Thursday, September 9, 2010

A New Semester




I am required to write a multi-movement chamber piece this semester, I initially started with a sketch of three different ideas that were completely unrelated. I showed up to my first lesson with this sketch and told my teacher about it. She didn’t even listen to it...

She challenged me in my new sketch to do three different things,

  1. Come up with an idea and only elaborate on that idea
  • As I shared earlier I had three ideas already

  • she said that working with too many ideas hinders me because I get stuck into making too many decisions



  1. Reduce my sketch ideas to a short score
  • Make all the voices appear on either one or 2 grand Staves

  • She said this would reduce my challenge of decision making to just music



  • Instead of worrying about which pitch the violin should take I would just be thinking about which pitch should be played at all



  1. Think of my piece as a whole, since it is a multi-movement chamber orchestra piece



  • meaning to consider the overall architecture of the piece



  • if you have a fast movement, have a slow one,

  • if you have a movement that really drives, consider having one that paints.

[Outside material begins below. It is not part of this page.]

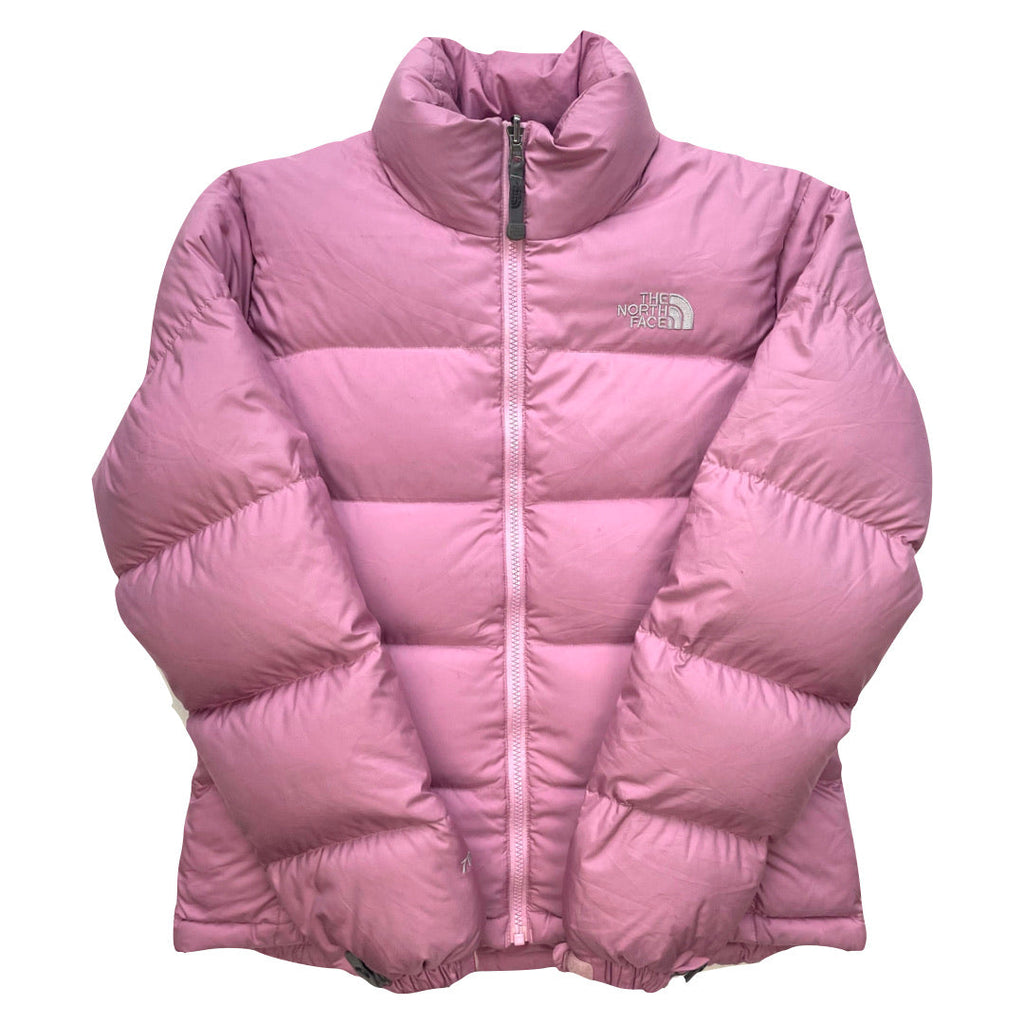 The North Face Womens Baby Pink Puffer Jacket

  • Not only do these concepts give variety to the piece, they really allow each section their own property.

My Teacher was very impressed with I how I well I stuck to her criteria, and to be completely honest, so was I. One of my biggest struggles as a composer is to stick with one idea, and elaborate on it. Mostly I just come up with lots of ideas and try to make them all fit together. Which is what I have decided the difference between a songwriter, and a composer is.

The last section that changes to 4/4 is hardly the idea I want to change to, it is just something I put on the end to give me an idea of what I want for the B section of this song.

Since the opening is so strange rhythmically, I decided that perhaps something blocky, and dully predictable would be a good start for where I should go in the B section. I have already changed the idea significantly, but wanted to show my process.

Leanna (my teacher) told me that the unrelenting A5 is debilitating to the piece, especially because the rhythmic value is the same for most of that section.

After saying that she played the section without the A, both of us agreed that it was dull and drab without it; for whatever reason the A is a really driving force.

So we decided that I should just change the rhythmic values to give some type of variation and a less predictable texture.

Anyway, I don’t know if anyone is even reading this, but I think it is good for me to process and document what I am thinking about. Maybe when I am dead people will care.